*** ENTRIES SHOWN ***

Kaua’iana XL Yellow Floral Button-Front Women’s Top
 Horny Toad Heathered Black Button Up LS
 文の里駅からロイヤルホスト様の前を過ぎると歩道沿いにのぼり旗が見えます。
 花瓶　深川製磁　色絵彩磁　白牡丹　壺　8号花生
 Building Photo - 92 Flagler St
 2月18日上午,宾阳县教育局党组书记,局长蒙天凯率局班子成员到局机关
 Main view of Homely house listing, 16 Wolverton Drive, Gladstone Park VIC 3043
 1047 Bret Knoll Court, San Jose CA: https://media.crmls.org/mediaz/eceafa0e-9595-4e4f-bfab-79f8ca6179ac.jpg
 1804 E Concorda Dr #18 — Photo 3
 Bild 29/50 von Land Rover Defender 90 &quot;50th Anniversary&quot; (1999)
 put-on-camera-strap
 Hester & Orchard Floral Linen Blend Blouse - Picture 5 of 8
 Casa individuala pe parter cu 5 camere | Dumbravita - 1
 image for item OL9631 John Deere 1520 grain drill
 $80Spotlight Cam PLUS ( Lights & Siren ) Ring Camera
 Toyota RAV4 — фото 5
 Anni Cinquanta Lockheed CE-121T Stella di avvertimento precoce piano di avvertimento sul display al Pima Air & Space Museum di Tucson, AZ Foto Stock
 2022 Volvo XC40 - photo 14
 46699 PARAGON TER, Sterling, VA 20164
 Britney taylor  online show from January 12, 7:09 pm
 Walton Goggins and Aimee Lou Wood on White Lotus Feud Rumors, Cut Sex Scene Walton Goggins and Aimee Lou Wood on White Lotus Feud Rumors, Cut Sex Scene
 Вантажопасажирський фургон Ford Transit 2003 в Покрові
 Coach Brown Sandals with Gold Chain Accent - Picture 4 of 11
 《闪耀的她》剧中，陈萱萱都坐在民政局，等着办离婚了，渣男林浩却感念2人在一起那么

***

TASK TO COMPLETE
Check each line of the records for the word "Button", and show the lines that contain it.

RESULT OF THE TASK
Kaua’iana XL Yellow Floral Button-Front Women’s Top
 Horny Toad Heathered Black Button Up LS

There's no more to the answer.